Não sou passional, lamento...

Não sou passional. Busquei de todas as formas extremar meus atos, acentuar a veemência dos gestos, forçar despedidas, aparentar intransigência, fechar a cara.

É humilhante, mas a loucura me negou a carta de recomendação. Os astros e o ascendente não me ajudaram. Eu me candidatei ao posto: decepcionei.

Não é para mim mandar alguém embora, deserdar, despejar, terminar um namoro, brigar no trânsito, peitar estranhos, pedir demissão. Não dou ordens, convenço.

Ser considerado "passional" provoca até medo. Incute respeito. Explodir sempre e usar a desculpa de que é do temperamento, do feitio biológico. Não ter como mudar, pois o autocontrole seria uma agressão ainda maior.

O passional anuncia que é irrecuperável - não permite ninguém duvidar. Deixa ao próximo uma liberdade de bula: “leia e arque com as conseqüências”.

Como arremessar a vida pela janela e não correr para recolhê-la? Como se aventurar até esquecer como é a própria casa?

Estar disposto a tudo a qualquer hora. Não premeditar. A característica combinava comigo, complementava o signo: escorpiano, passional. Perfeito para incluir no meu perfil no orkut e atrair interessados. Poderia me ajudar na solução de problemas, simplesmente porque não pensaria neles. O passional não depende de si, mas da compreensão alheia. Ou ame ou me odeie, e exigir a rubrica do amigo em todas as vias do contrato. Arre, mal consigo me odiar por mais de uma hora.

O passional é um folgado em sua raiva. Inconseqüente. Não irá se justificar.
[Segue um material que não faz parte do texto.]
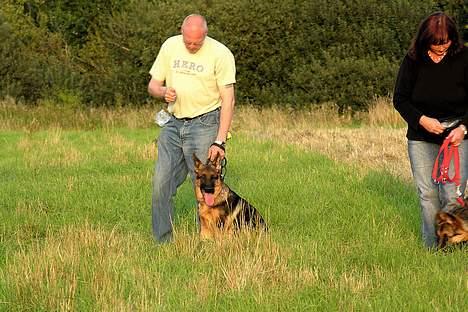Schæferhund RICO - mig og Rico på trænings banen :) billede 11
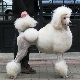 Training a poodle at home
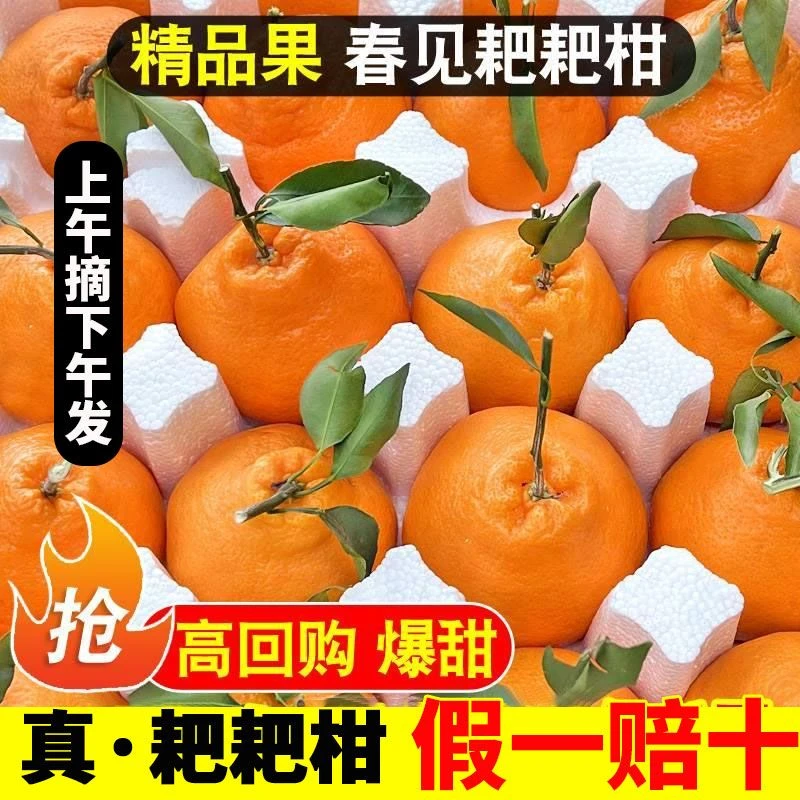 【东方薽选】超甜正宗四川春见耙耙柑橘子丑橘应季新鲜水果5-8斤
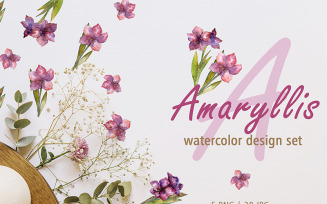 Amaryllis Design Set Watercolor Png - Illustration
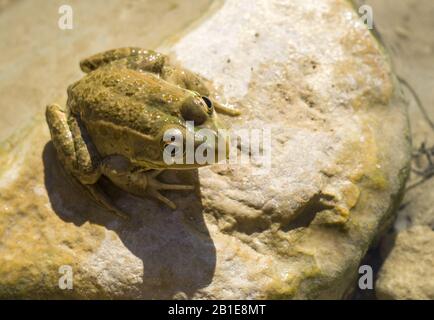 Grenouille verte assise dans l'eau sur la pierre dans oasis Tunisie Banque D'Images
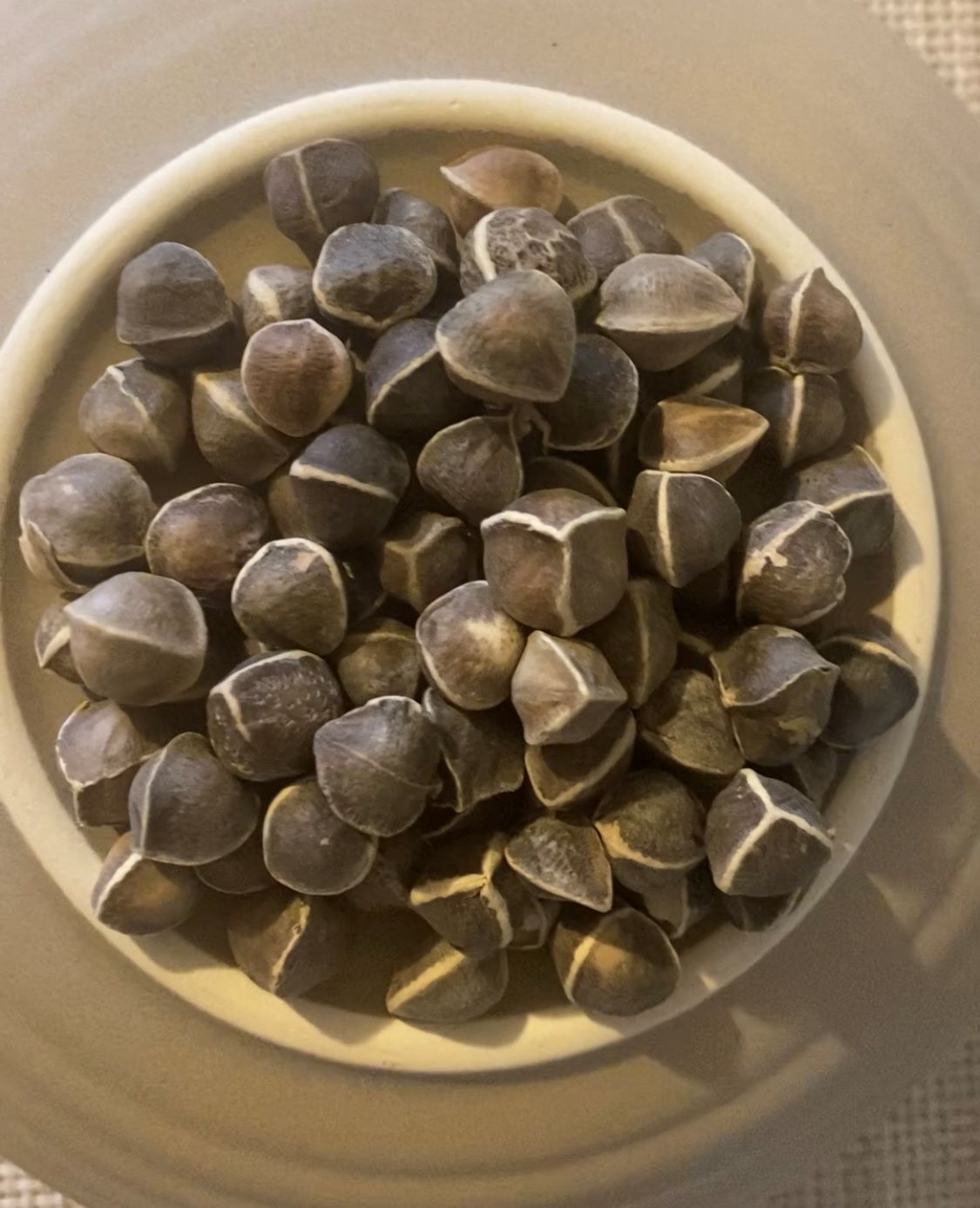 Moringa Oleifera Seeds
Considera seu caráter uma fatalidade.

Queria ser, procurei apostilas nas saídas dos bancos. Mas continuo me explicando depois de compreendido.

Nunca enxerguei tantos passionais como agora. Falsos como eu, o que me tornam ainda mais falso.

No primeiro encontro, confessam, orgulhosos: “sou passional”, com o sectarismo de um time de futebol, de uma religião, de uma nacionalidade. Abrem a garrafa com os beiços para não gerar desconfiança da impetuosidade. Não suportam serem confundidos com os normais (os normais são o resto do mundo).

Minha paixão é tonta, cristã. Desculpo muito ligeiro. Eu me arrependo igualmente veloz. Nem curto a erupção. Não vejo até onde as lavas descem. Muito menos sinto prazer do pânico que causei. Não assisto ao espetáculo de minha fúria - sou o primeiro a vaiar. Quando machuco, já abraço, já consolo, já amparo, já digo que passou.

Falhei em minha ambição. Não sou passional, sou intenso. Uns dias mais do que os outros. Não me banalizo.